Throughout the 20th century, Ethiopia has been ruled by autocratic monarchies, military dictatorships and autocracies with ideologies ranging from feudalism to Marxist-Leninism and "Revolutionary Democracy." Under these regimes, the cry for democracy and equal legal recognition and protection of languages, cultures, religions and ethnicity has been suppressed with violence. Arbitrary arrest, incommunicado detention, extrajudicial killing and torture are among the common denominators in responding to the quest for respect for human rights and good governance.
The trend continued even after 1991, which led to the establishment of a federal state structure and promised democratic rule. The failure of the Ethiopian People's Revolutionary Democratic Front (EPRDF) to live up to the principles of democracy caused swift waves of protests that originated in Oromia Regional State, the largest region in terms of land and population size, and spread across the country. The climax of the protest came in 2018, resulting in the resignation of Hailemariam Desalegn and the coming to office of Prime Minister Abiy Ahmed (PhD), Nobel Peace Prize laureate of 2019.

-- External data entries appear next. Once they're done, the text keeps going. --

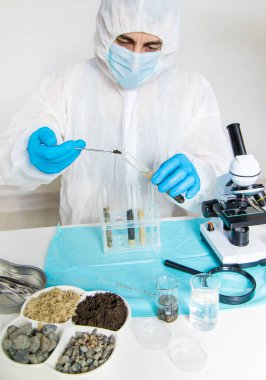 Laboratuvarda toprak testi. Seçici odaklanma. Doğa.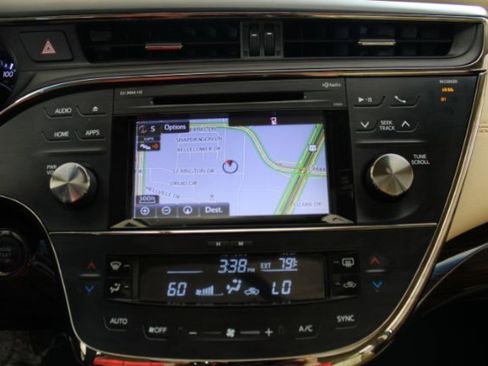 Used 2015 Toyota Avalon XLE Premium image 19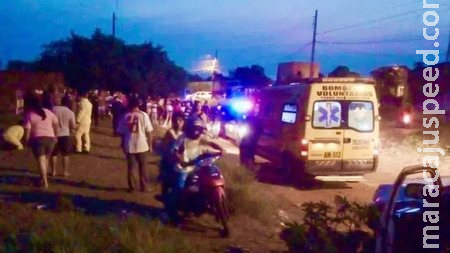 Irmãos são mortos a tiros e jogados em terreno baldio na fronteira Irmãos são mortos a tiros e jogados em terreno baldio na fronteira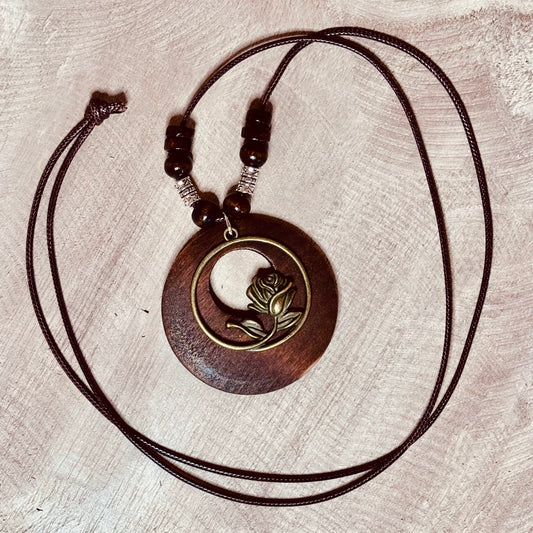 Brass Rose Wooden Disc Necklace – Romantic & Earthy
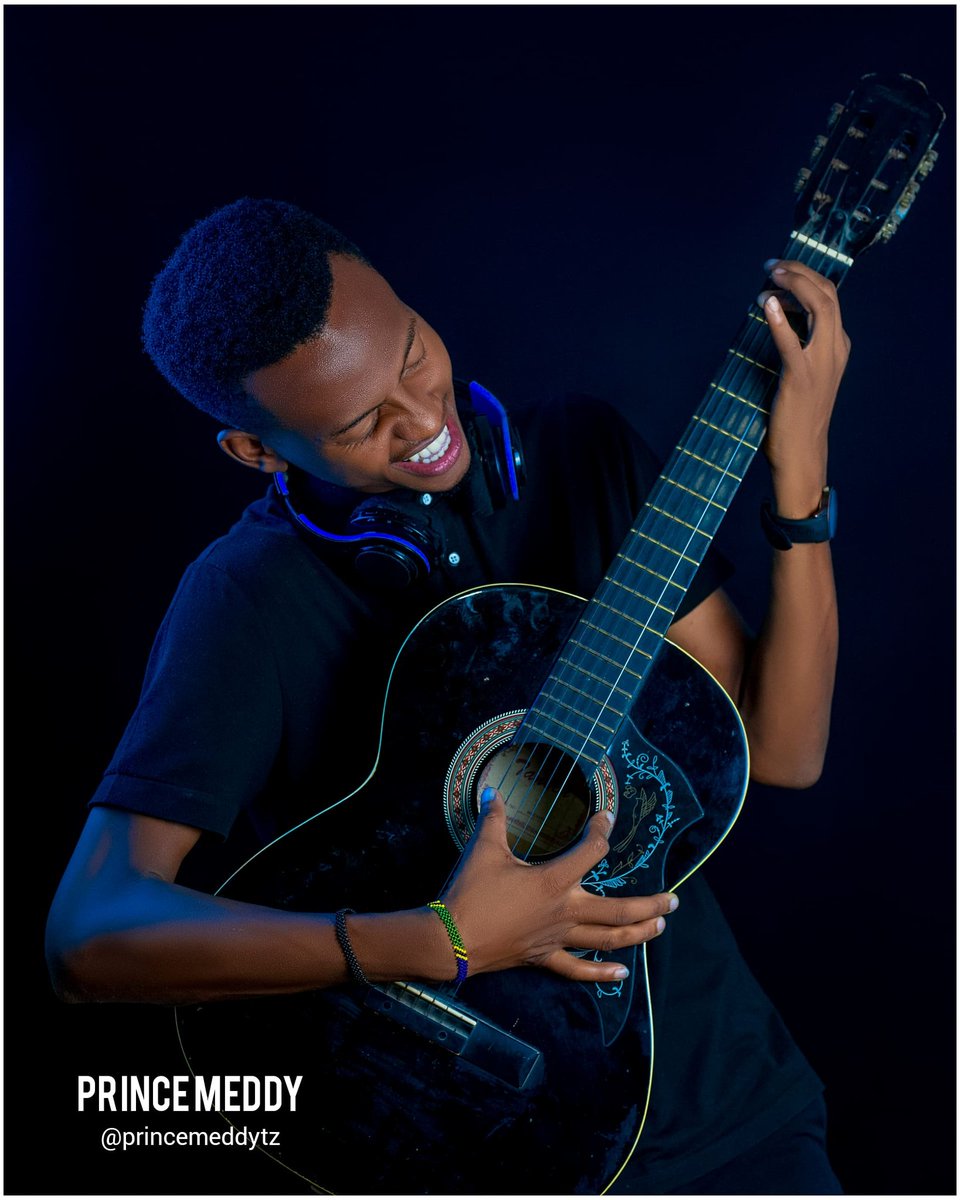 princemeddytz's tweet photo. HAPPY MOMENT🎸
Pic By: #Davidiz
Studio: #MpStudio
Model: @princemeddytz
#Happy #Moment #Live #Love #Laugh
LINK FOR MY NEW JOINT👇
https://t.co/pmHxVVnBYf https://t.co/f1ddcpzQ5a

The reforms that began to take institutional shape in 2018 now face many challenges. The magnitude of problems accumulated in the past are making the efforts to build a consolidated democracy difficult. Among many other socio-economic and political problems, ethnic tension is growing in an unprecedented way. It has already resulted in the loss of lives, destruction of property, and internal displacement of millions of people.
Although there are many causes of inter-ethnic tensions, one cannot deny the contribution of ‘nationalism.’ In its traditional and conventional sense, nationalism connotes allegiance to a particular nation and a strong determination to protect and advance its interests. In this context, we will adopt nationalism (in terms of allegiance and loyalty to a certain group) to Ethiopia's political realities.

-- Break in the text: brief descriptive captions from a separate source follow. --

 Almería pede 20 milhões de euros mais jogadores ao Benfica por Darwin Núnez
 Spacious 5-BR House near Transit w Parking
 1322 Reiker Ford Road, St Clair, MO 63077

Most recently, Ethiopia's political playing field is witnessing two forms of nationalism, namely ethnic nationalism and Ethiopian nationalism (Ethiopiawinet), each romanticising ethnicity and Ethiopianism, respectively. Nothing is wrong with being loyal to one's ethnic group or country. Respect for one’s ethnic group is a sign of self-recognition, while the love of one’s country is patriotism.
But are the types of ethnic and Ethiopian nationalisms, in their current forms and content, constructive?
No. The passion of nationalism is being misplaced and misused to erode co-existence and tolerance. It is creating and perpetuating inter-ethnic tensions, conflicts and violence. Hence, there is a need to invest more in "productive nationalism" that respects humanity, embraces tolerance and widens the marketplace of ideas.
No doubt, nationalisms are not a recent phenomenon in the political history of Ethiopia. For a long time, both kinds have been here, at least more vividly since the beginning of modern Ethiopian history. For instance, although it is difficult to point out when ethnic nationalism emerged, it is possible to say that significant moves were made during the 1960s student movement. Of note is Wallelign Mekonnen's essay in 1969, titled “On the Question of Nationalities in Ethiopia.” Another was a poem written by Ibsa Gutema, titled in English, “Who is an Ethiopian?”
Back then, the questions of nation and nationalities were brought forward to counter the autocratic and repressive regime that ruled a multinational country as a nation-state.
Consequently, after adopting the federal state structure, ethnicity has been used to galvanise political causes and influence, perhaps, political parties' formation. Ethnic nationalism is translated to the political sphere in the form of ethnic-based political parties. Despite the gains obtained in the past by politically organising around ethnicity in dismantling the stronghold of the oppressors, it casts doubt on whether ethnic nationalism, as it currently exists, is sticking to its original goal of fighting oppressive systems and ensuring or sustaining equality.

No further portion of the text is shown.